Blessed is the Lord, the God of Israel, because He has visited His people and worked redemption for them (1:68)! Because of the compassionate mercy of our God, the sunrise from on high has visited us (1:78)! The sun dawned from on high, went into the ground, and rose up on the third day. Blessed indeed, are you who mourn now, because you will laugh. Blessed are the dead who die in the Lord from now on, because Jesus will say to them, “I say to you, rise up!” He didn’t come to resuscitate a few bodies, and dry a few tears. He came to raise all the dead, put an end to the seemingly eternal funeral procession of all people, and to wipe away tears from every eye.

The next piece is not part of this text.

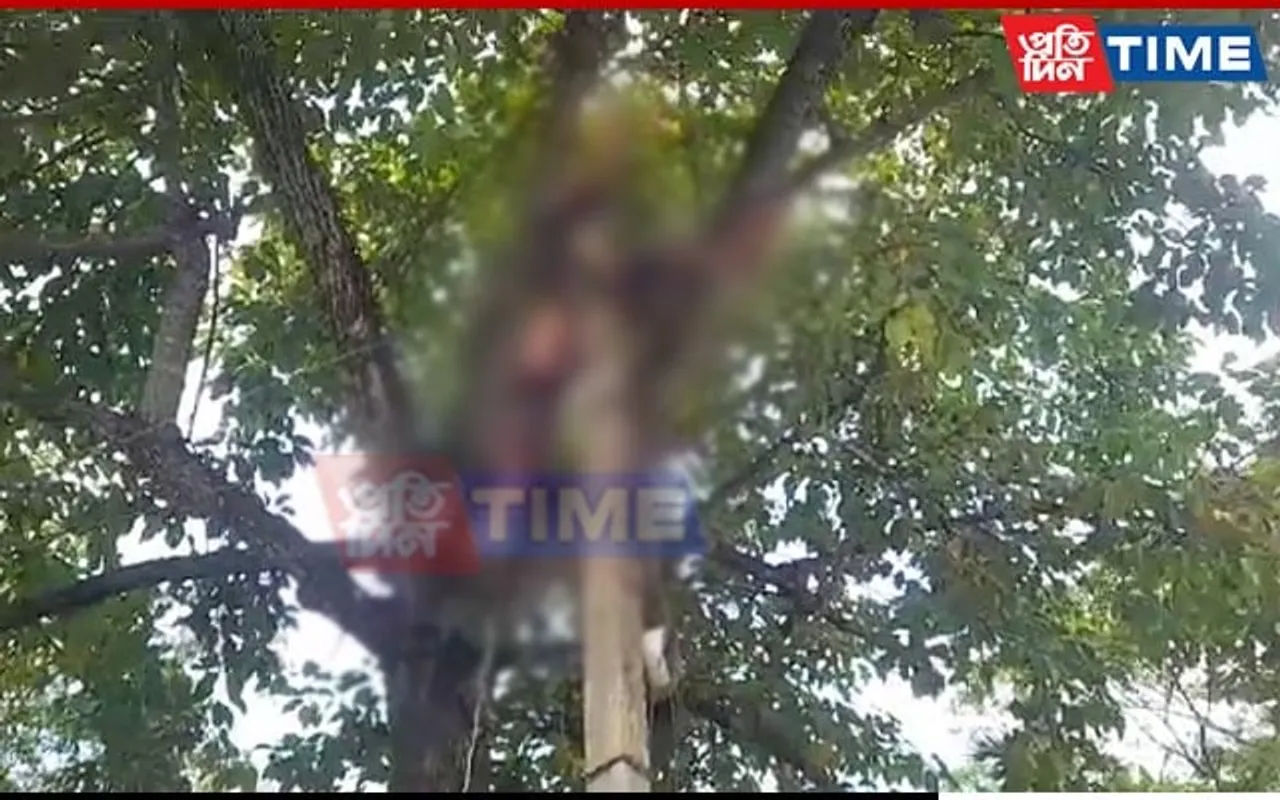 Assam: Youth Dies Of Electrocution; Body Left Dangling From Pole For an Hour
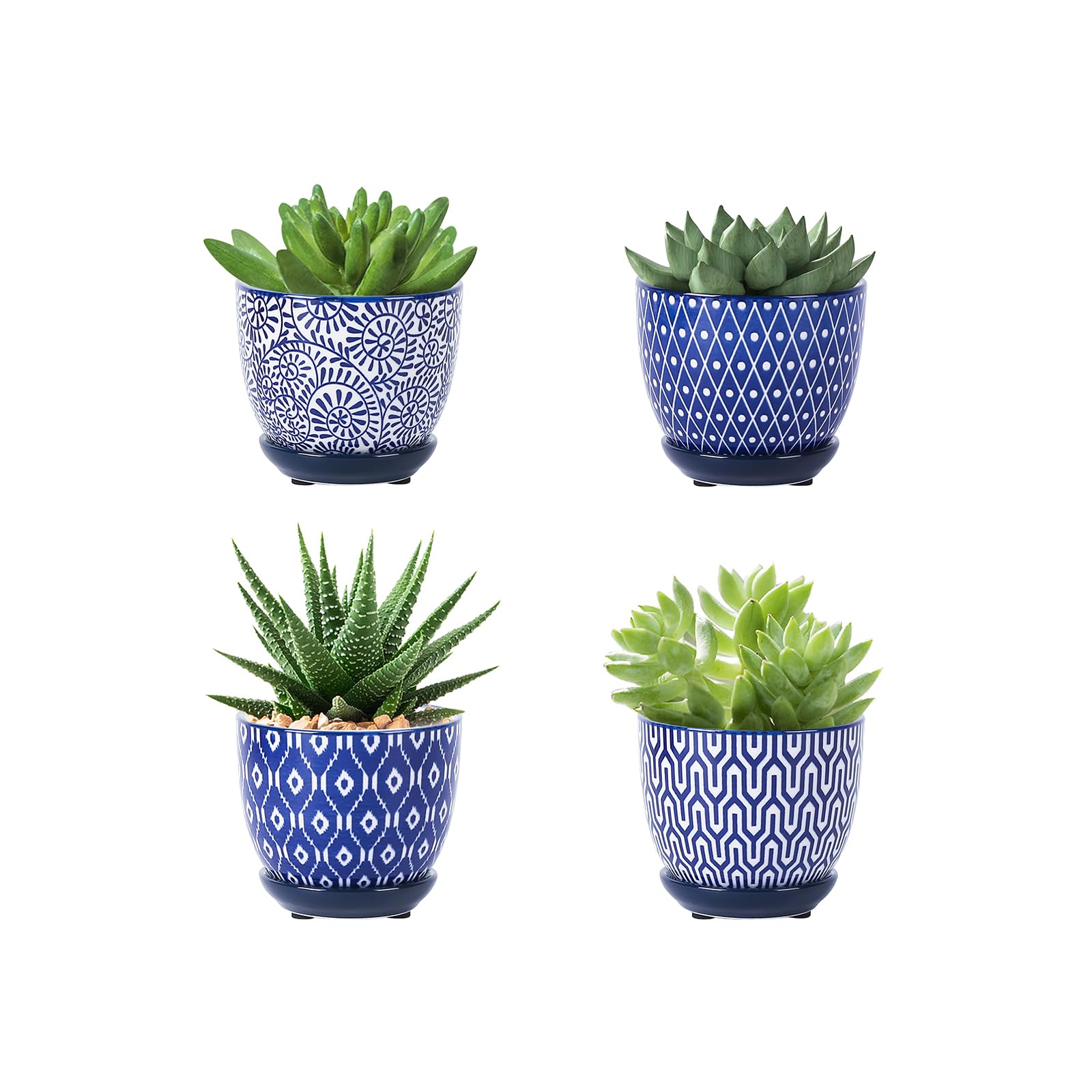 Selamica Ceramic Succulent Pots (Set of 4)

While your bodies are dying, while my body is dying, even now, Jesus is giving you His eternal life in His own body and blood. You’ve already died with Him in baptism, and your life is hidden with Him in God. So that when you die, and sin is finally extinguished in your flesh, then Jesus can say, “Rise up!” And you will. And He will forever put an end to the cause of weeping and mourning; He will wipe every tear from every eye; He will swallow up death forever, and you will wake up with Him in a new creation where sin, death, graves, and funerals are no more. Blessed are you who weep now, because He will say, “Stop weeping,” and you will laugh with joy in the resurrection. Blessed are you who die in the Lord now, because He will say, “I say to you, rise up!” And you will.
In the Name of the Father and of the Son and of the Holy Spirit. Amen. “And the peace of God, which surpasses all understanding, will guard your hearts and your minds in Christ Jesus” (Philippians 4:7).